If leaders and managers don't create a culture where knowledge sharing is a priority, employees will focus on other tasks.
They won't have time to devote to teaching others when it's made clear to them that other things are more important.
Secondly, employees may be reluctant to share their insights if they are not confident about the quality of their knowledge. They may fear that they will give others incorrect or irrelevant information and try to avoid the discomfort by not engaging in the process at all.
While they may indeed have knowledge gaps, there are always things that they are good at. And if they are afraid they will say the wrong thing or make a mistake, that can be a strong indicator that your company's culture may not be as open and encouraging as you think.
Finally, one of the most common reasons employees are reluctant to share knowledge is the fear of being replaced.
We've all been in this situation. We are afraid that if we tell others what we know, our job will be in jeopardy, and the company will easily replace us with somebody else.
This often happens in highly competitive companies such as marketing agencies, where young creative forces constantly come to the company, and existing employees feel threatened.
In this case, it's also essential to create a culture in which learning is not a one-way process but a two-way street. Everyone can benefit from sharing knowledge and ideas, juniors and seniors alike.
As you can see, before motivating your employees to share knowledge, you'll most likely need to break down their psychological barriers.

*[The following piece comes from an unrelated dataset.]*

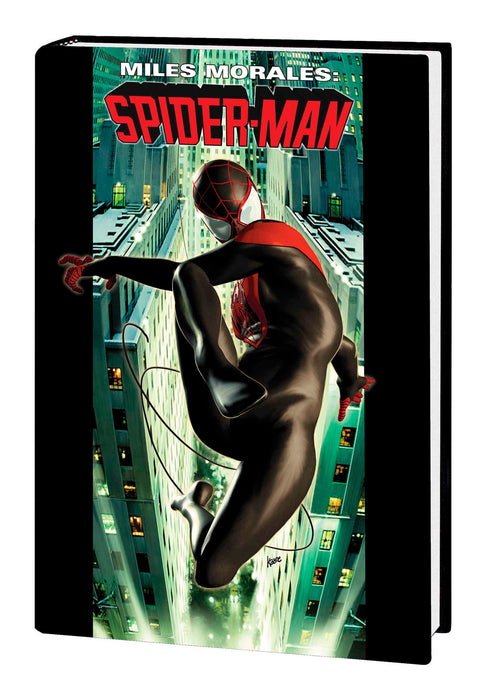 MILES MORALES: SPIDER-MAN OMNIBUS VOL. #1 HC ANDREWS COVER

But it's worth putting in the effort knowing that the result is an engaging culture where the knowledge is passed on freely and consistently.
Let Technology Help You
As knowledge sharing is an excellent way to enhance your company's performance, it would be a good idea to use the power of technology to store all your knowledge in one place.
In companies, employees come and go.
When they leave, they take their wisdom, expertise, and insights with them, especially if they leave without notice, before they get a chance to transfer their knowledge to other employees.

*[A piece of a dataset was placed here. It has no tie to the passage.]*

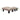 Non-Slip Linen Cotton Beige Footstool Living and Home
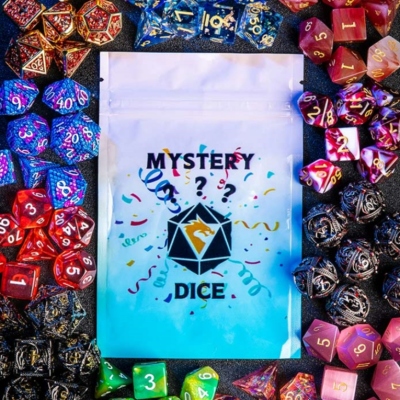 Doldols Mystery Dice Blind Bags, DND Blind Bags, DND Dice Set, DND Gifts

On the other hand, if knowledge is shared only through verbal communication, mistakes are bound to happen due to too many people misinterpreting information. And this can lead to loss of productivity and bigger problems down the line.
In other words, when we share what we know with other employees without putting it in writing, chances are that they will misunderstand at least one part of our conversation.

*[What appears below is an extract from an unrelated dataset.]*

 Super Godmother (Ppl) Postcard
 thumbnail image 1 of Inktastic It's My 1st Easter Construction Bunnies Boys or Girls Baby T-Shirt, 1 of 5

If they go and share what we've discussed with other team members, our knowledge-sharing process will start to resemble a game of broken telephone.
That is why it is essential to encourage employees to create their workflows, document all crucial processes, gather all this knowledge, and store it in one place.
One of the great ways to preserve company knowledge is to save it in a quality knowledge base such as the documentation software Archbee.
A knowledge base like this enables your employees to access documents, procedures, and strategies they need to do their job. At the same time, it ensures that crucial knowledge doesn’t get lost when employees decide to find another job.
In other words, it serves as an extension of your knowledge-sharing culture.
People had to put in the effort to create it, make a note of it, and do their best to convey information clearly and systematically while having other employees that will benefit from it in mind. And this is the culture that every company strives to achieve.
In this article, we tried to show you that knowledge sharing can be a powerful way to create a culture of cooperation, team spirit, and trust.
We showed you five ways you can create such a culture and facilitate passing on expertise, wisdom, workflows, and best practices among team members.
The leaders also play a significant role in the process of sharing knowledge, ideas, and thoughts. So if you want that knowledge sharing becomes a part of your workplace culture, everyone needs to do their part.
Hopefully, this article will inspire you and show you the ropes on how to build such a culture for your company.